24 Haziran seçimlerinin ardından CHP´de bildik tartışmalar yeniden zuhur etti. Seçim sonrası CHP´de muhalif kanadın imza toplama ise neredeyse geleneksel hâle geldi. Bunu eleştirmek için yazmıyorum; zira CHP´ye gönül vermiş olanlar her seçim başarısızlığından sonra bir çare bir umut arıyor.
Bu yüzden her seçimin ardından ‘umut´, ‘değişim´ ve ‘çare´ gibi sloganlarla bir çıkış yolu aranıyor. Deniz Baykal döneminde de sık sık rastladığımız bu tablo, son 2-3 seçimde Kılıçdaroğlu liderliğindeki CHP´de de görülmeye başlandı.
Ne diyor CHP´li muhalif?
‘Değişim´
‘Umut´
Umut olarak sunulan isim ise Muharrem İnce…
Muhaliflerin haklı olduğu nokta, 9 seçim kaybeden bir liderin koltuğundan kalması gerektiği…
Yarışların doğal sonucu budur. Başarısızsan ve başarısızlığın devamlı tekrar ediyorsa bir şey yapmak gerekir.
Ancak Kılıçdaroğlu başarısızlığı kabul etmiyor ve değişimi ‘çevresini´ revize etmekte görüyor.
Yeterli imza toplanıp toplanmaması bence işin detay kısmı.
Eğer bir partide 600´ün üzerinde ‘kurultay´ talebi varsa tüzüğe bakılmaksızın bunun gereği yapılır.
Çünkü kurultay konusunda irade bence oluşmuştur.
Bu işin bir boyutu…
Şimdi ikinci ve esas konuya gelelim.
Hani ‘değişim´ ve ‘umut´ sloganları atılıyor ya; işte bu sloganların altını dolduracak meseleye gelelim.

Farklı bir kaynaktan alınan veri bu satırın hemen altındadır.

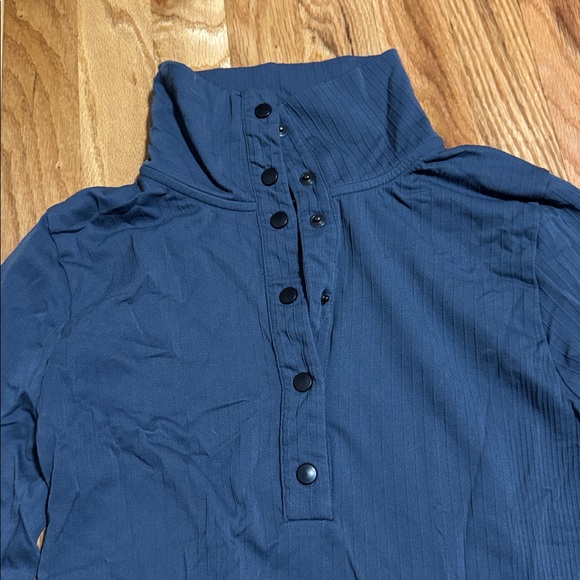 Athleta Flurry Henley Top Seamless Blue Button Athleisure Running Workout Small - Picture 4 of 5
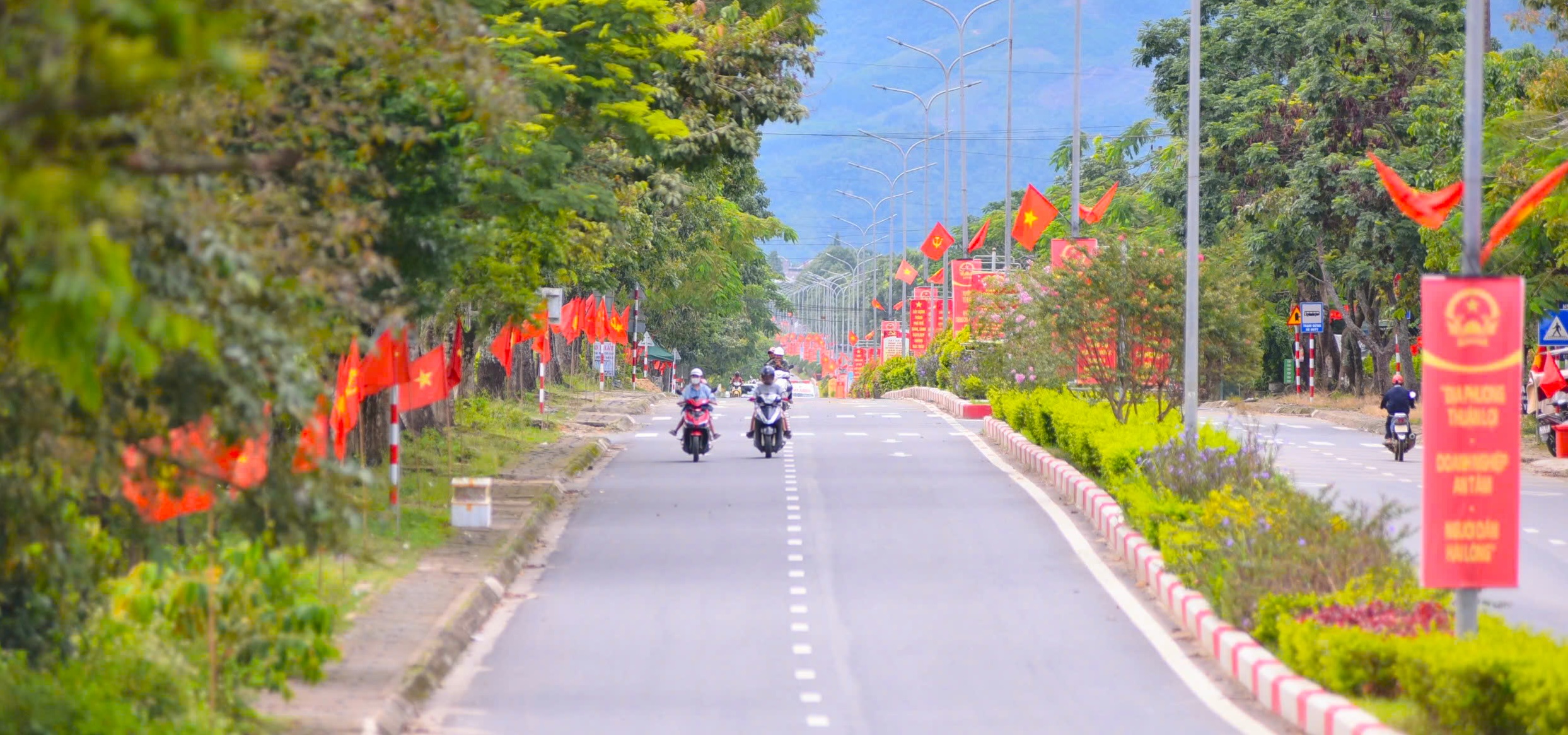 Đại hội đại biểu Đảng bộ thành phố lần thứ XVII không nhận hoa chúc mừng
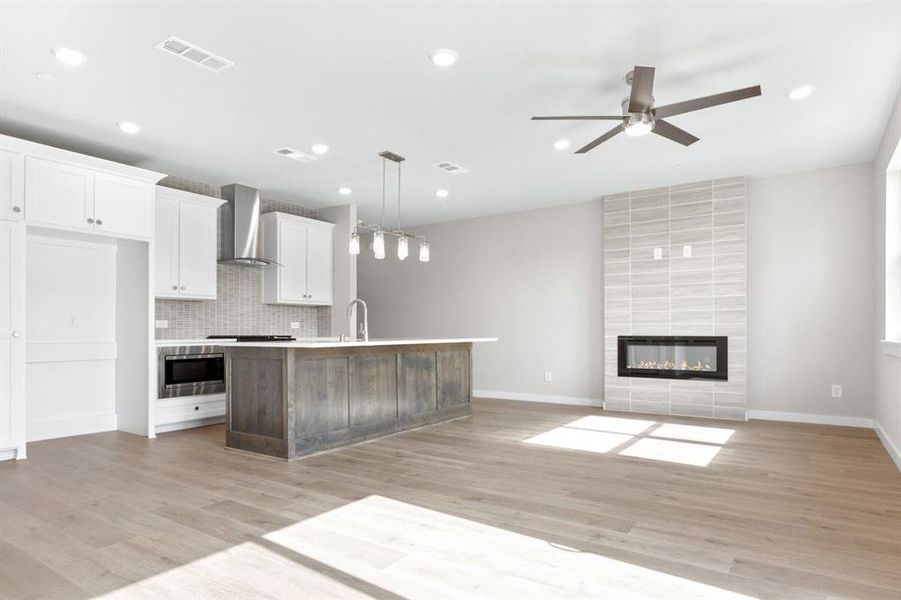 007-723ProsperLane-Wylie-TX-75098-Living.jpg-SMALL 007-723ProsperLane-Wylie-TX-75098-Living.jpg-SMALL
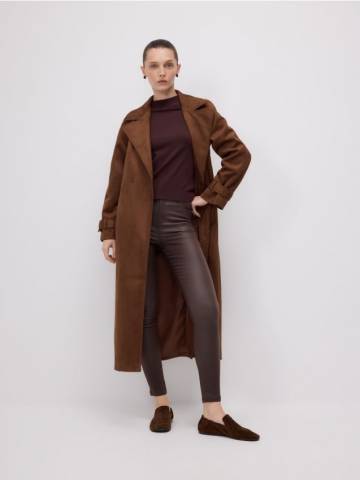 Reserved - Штани slim з восковим блиском - темно коричневий - 326GF-89X Reserved - Штани slim з восковим блиском - темно коричневий - 326GF-89X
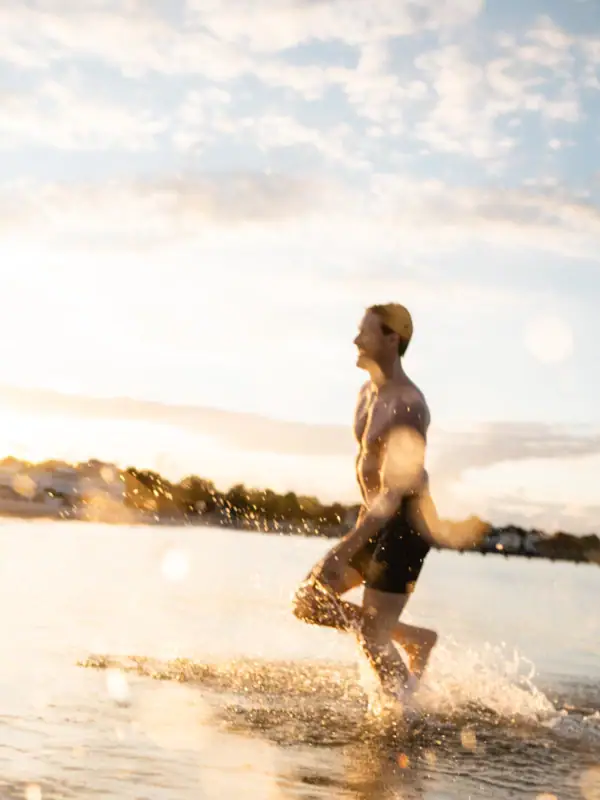 Ein Mann läuft im Wasser.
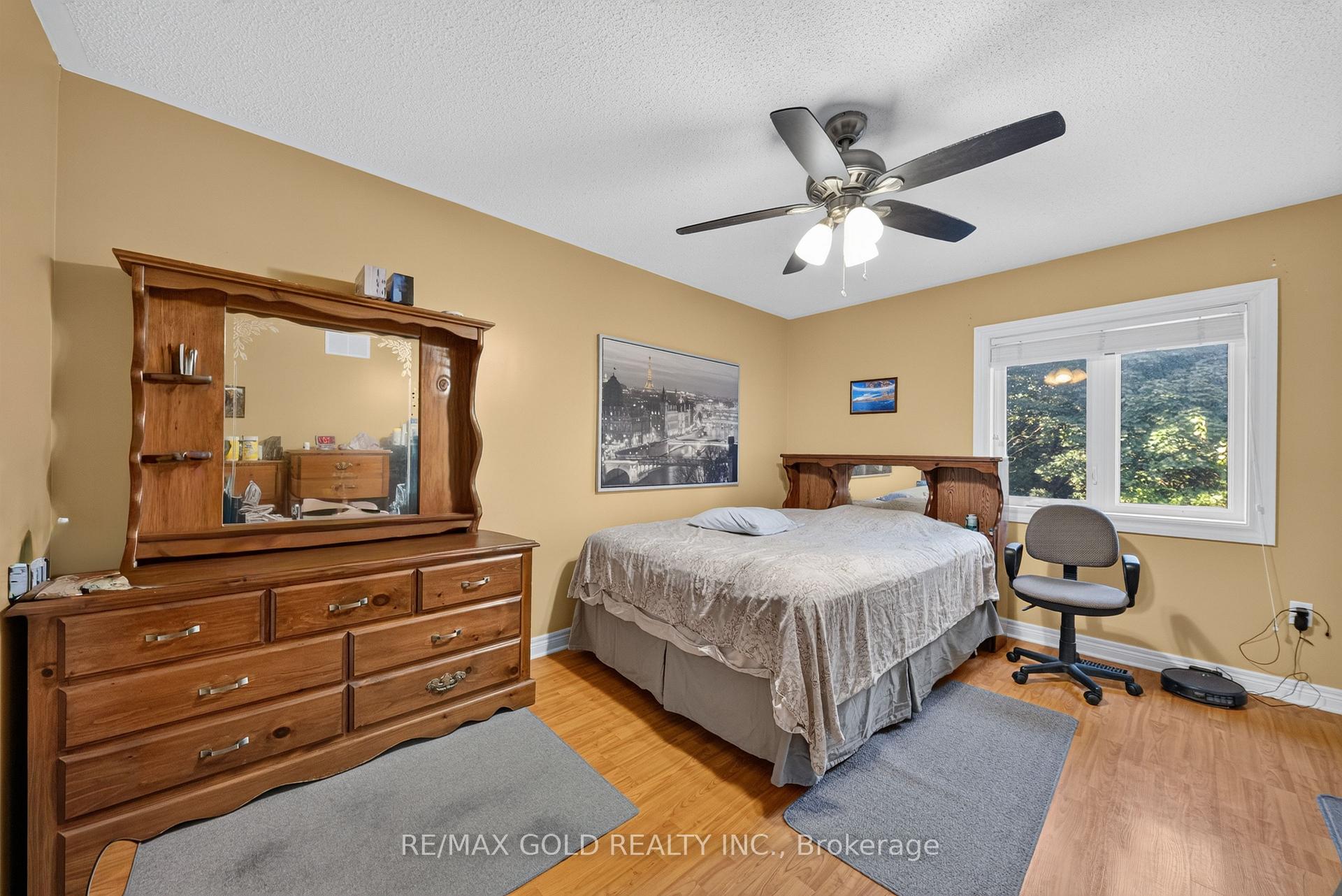 Photo 22 of 142 Pressed Brick Drive, Brampton, Brampton North — HOMEH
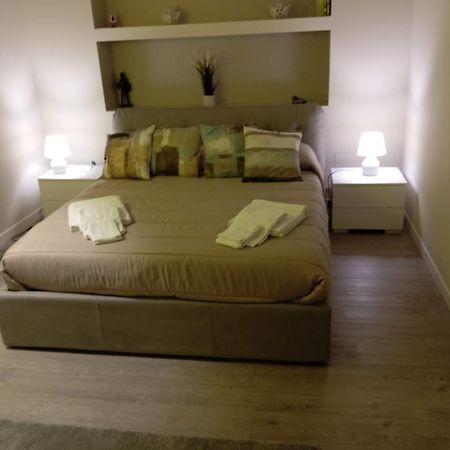 La Casa Di Peppe Apartman Bari Kültér fotó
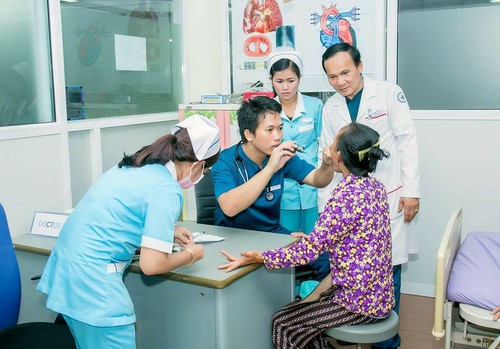 Bệnh viện Me Kong Quốc tế thành phố Siem Reap khám chữa bệnh miễn phí cho người Việt - ảnh 5
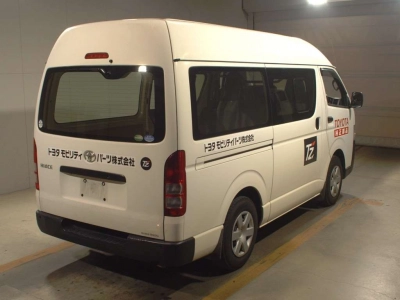 TOYOTA HIACE VAN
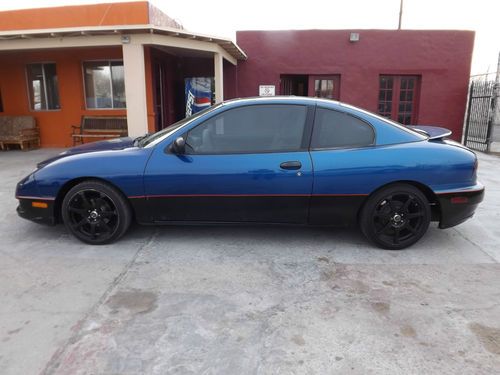 2005 pontiac sunfire base coupe 2-door 2.2l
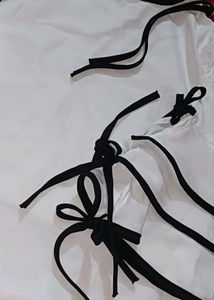 Korean Top🐰 In Colour White And Black...🌸 You'll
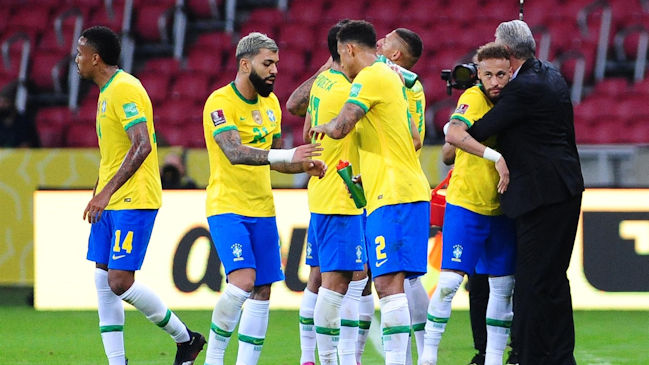Brasil se impuso en duelo con polémica a Ecuador y se afirmó como líder de las Clasificatorias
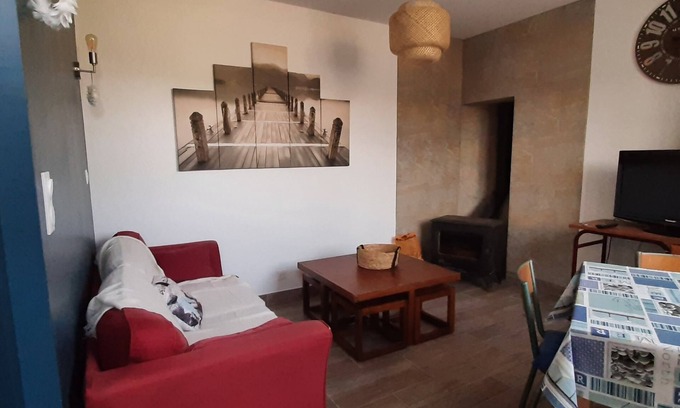 Ploneour-Lanvern Apartment | 14 bis RDC de Maison Avec Terrasse Privative, Jardin et Salle Commun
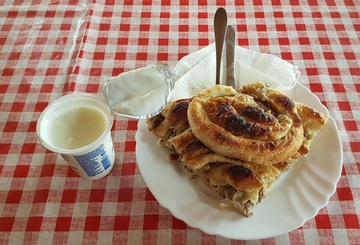 Jogurt nikako ne ide uz burek: Šta je bolje uzeti uz pite?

Bir kere ‘değişim´ ve ‘umut´ sloganının altı kurultay yapmakla dolmaz; dolmadığı görülüyor uzun yıllardır.
Bilenler bilir; Deniz Baykal 1999 seçimlerinden sonra bıraktıktan sonra liderliğe tekrar talip olurken ‘değişim´ ve ‘umut´ kavramlarını kullanmıştı.
Tıpkı bugün olduğu gibi.
Baykal geldi ama ‘değişim´ ve ‘umut´ onunla beraber partide ete kemiğe bürünmedi.
O dönem için hayati derecede önemli bir adım daha vardı Baykal tarafından atılan.
Baykal ‘Anadolu Solu´ kavramını ortaya atmıştı.
Oldukça da ilgi görmüş; tartışılmıştı.
Evet, CHP´nin kurtuluşu Baykal´ın 2000 yılında ortaya attığı Anadolu Solu´nda…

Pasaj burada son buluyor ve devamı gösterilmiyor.